Friday, December 30, 2005

Moving my blog

I've moved my blog to

Sorry for the inconvienance.

Saturday, December 03, 2005

Ubuntu Below Zero Photos

I've put up my Ubuntu Below Zero pictures. These pictures manage to catch the last half of UBZ. Many of these photos were captured in darker areas; some with flash and some without.

I have also kept these photos in their original, untouched format. Please feel free to ask for help if you don't know how to remove red eye from photos.

Onto the photos! Ubuntu Below Zero photos

Wednesday, November 30, 2005

Test Driven Development

I've spent the last week or so pairing with Robert Collins (Bazaar-NG, Squid). His solitary goal was to force feed me TDD whether I liked it or not. He wasn't interested in my concerns about whether or not TDD caused problems with design. He was deaf to my worries that the code we worked on wouldn't result in solid testing. Nope. Not Rob. "I'm not going to make you do this for the rest of your life, but you're going to do it this week."

I jumped in with the promise that this particular tunnel really did have an end. The worst that could happen was that I would have to load up on tests and rewrite the code so that it would be sufficiently flexible to evolve over its lifetime. The best that could happen is that I would have to swallow my pride and say that he was right.

I didn't start writing test cases for my code until about a year ago. There wasn't much point; anything that I could write a test case for, I could do more flexibly by hand. I just didn't like the idea of putting aside real code for the purpose of fake code with the sole purpose of making the real stuff do some functional equivilant of jumping jacks.

Somebody once pushed me to try using them anyways. He suggested. He prodded. He reminded. He pushed. He said something very similiar to what Rob did: "Do it for a week and then decide whether or not there's use".

So I tried it. When I found a bug in a program, I wrote a test case. If I wrote code that was too complicated to test by hand, I wrote a test case. I even write test cases when submitting code to someone else.

Test cases are more like jumping jacks than I realized. Each test case is like hopping for a jumping jack - a little bit of effort and no real movement. But when does a lot of jumping jacks, something magical happens. Bodies strengthen. Health improves. Sickness is fought off more easily. Lots of good things come from jumping jacks.

The exact same thing happens with test cases. Your codebase, with a lot of good test cases, becomes strong. A small change over here won't cause subtle breakage somewhere else. If it does, your test cases will scream -- loudly and clearly -- that something has gone terribly, terribly wrong.

Test Driven development is more of the same thing with one notable exception: Write test cases first and code second. After all, isn't it better to do a few jumping jacks at a time when you're still young and healthy... or after you've already gotten fat and lazy?

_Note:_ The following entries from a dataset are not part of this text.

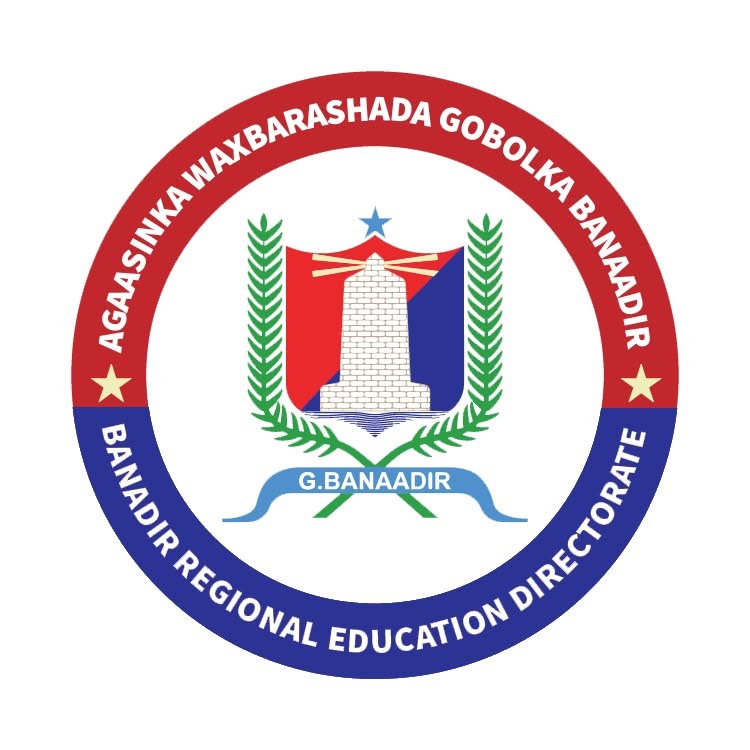 Jadwalka imtixaanka  fasalka 8aad ee sanad dugsiyeedka 2025/2026 oo la shaaciyay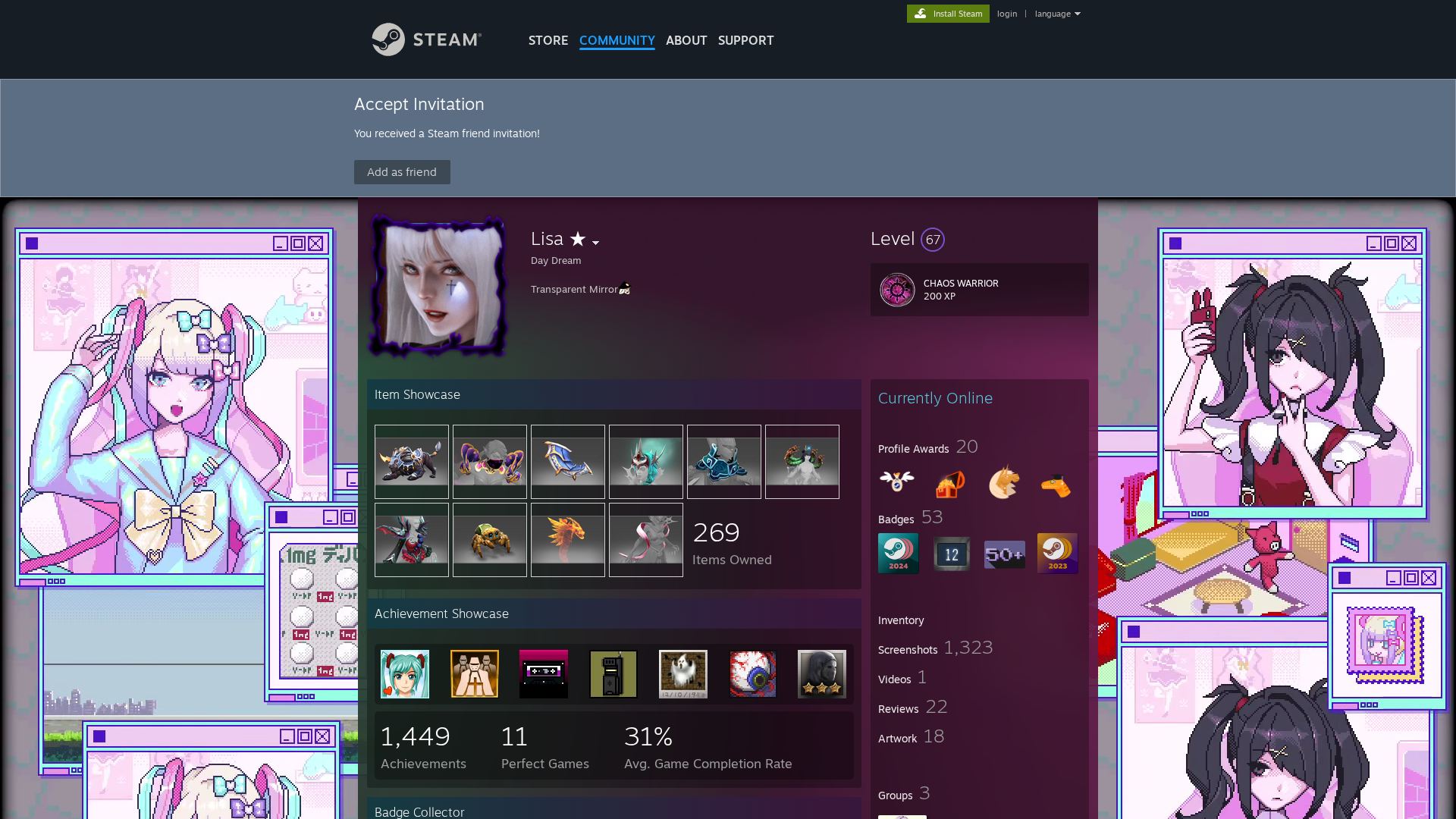 Screenshot of s.teams-xu.com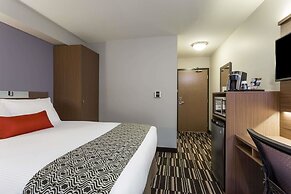Microtel Inn & Suites by Wyndham Kitimat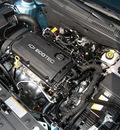 chevrolet cruze 2012 lt  blue sedan ls gasoline 4 cylinders front wheel drive 6 speed manual 75067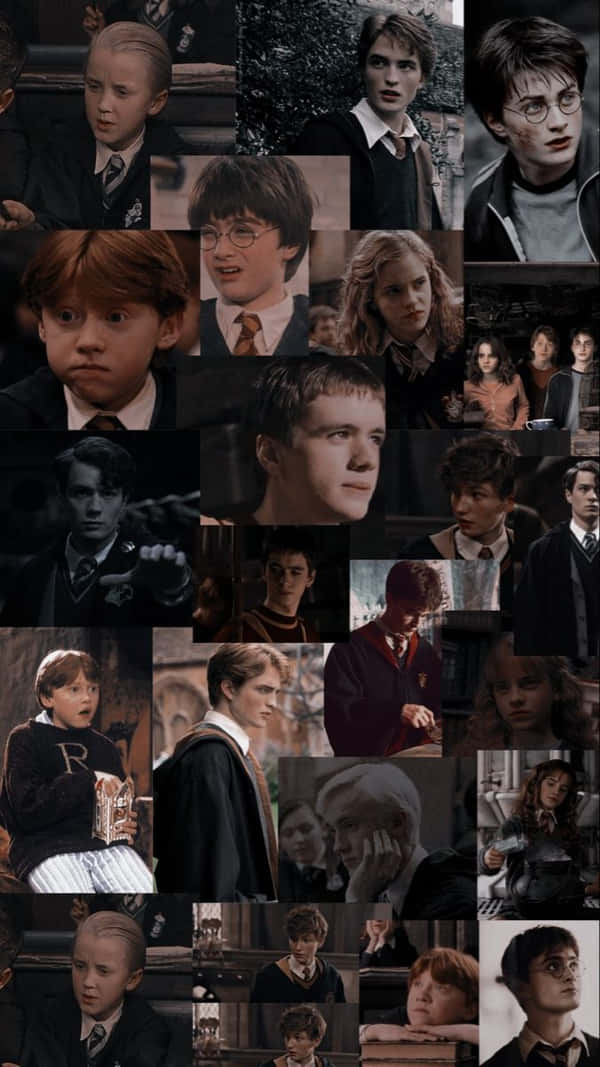 A Magical Time Wallpaper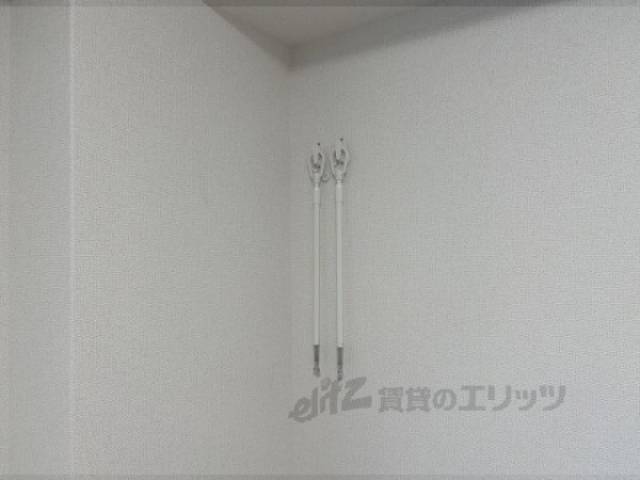 物掛け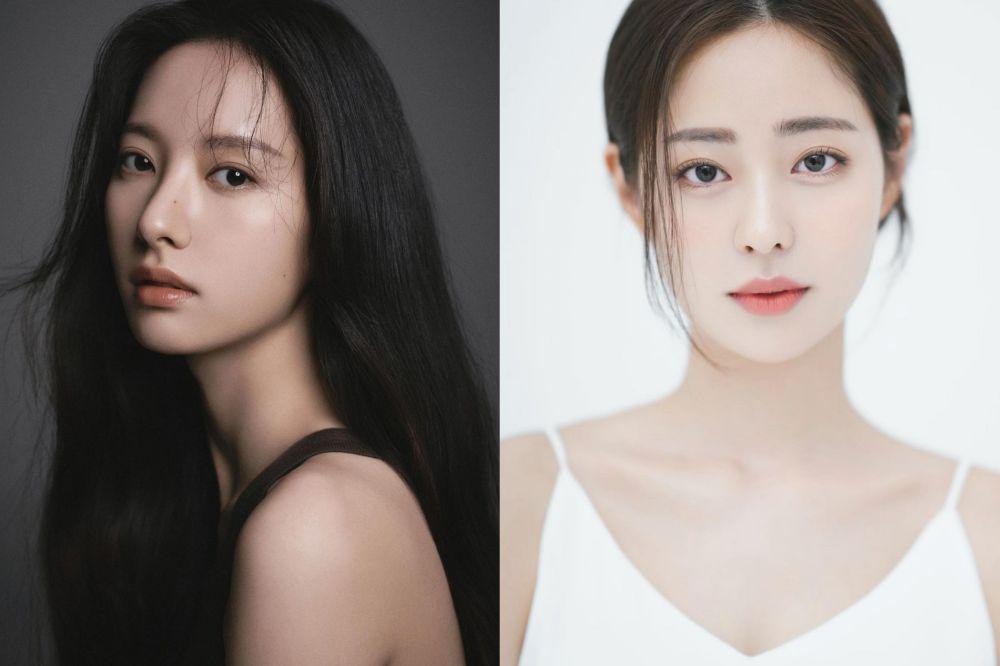 5 Fakta Drakor Pyramid Game, Ada Bona WJSN dan Shin Seul Ki!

Oh, I almost forgot to mention. The same person that turned me onto Test Driven Development is the same Rob Collins that got me into testing code in the first place.

Thanks Rob.

Sunday, October 02, 2005

Blog me Bentley

I just read Aaron Bentley's blog about Larry McVoy's latest infamous stunt.. McVoy seems to continue in the same nefarious activities as he has done before; namely, to threaten any company using bitkeeper that hires developers of free software revision control systems.

Whether or not McVoy can enforce these claims is only a question that the judicial system can answer. Regardless, Its. Just. Plain. Evil. Imagine if other companies behaved in this manner: McDonalds firing suppliers that ate at Taco Bell; American Airlines refusing to fly pilots of other airlines... the examples could go on.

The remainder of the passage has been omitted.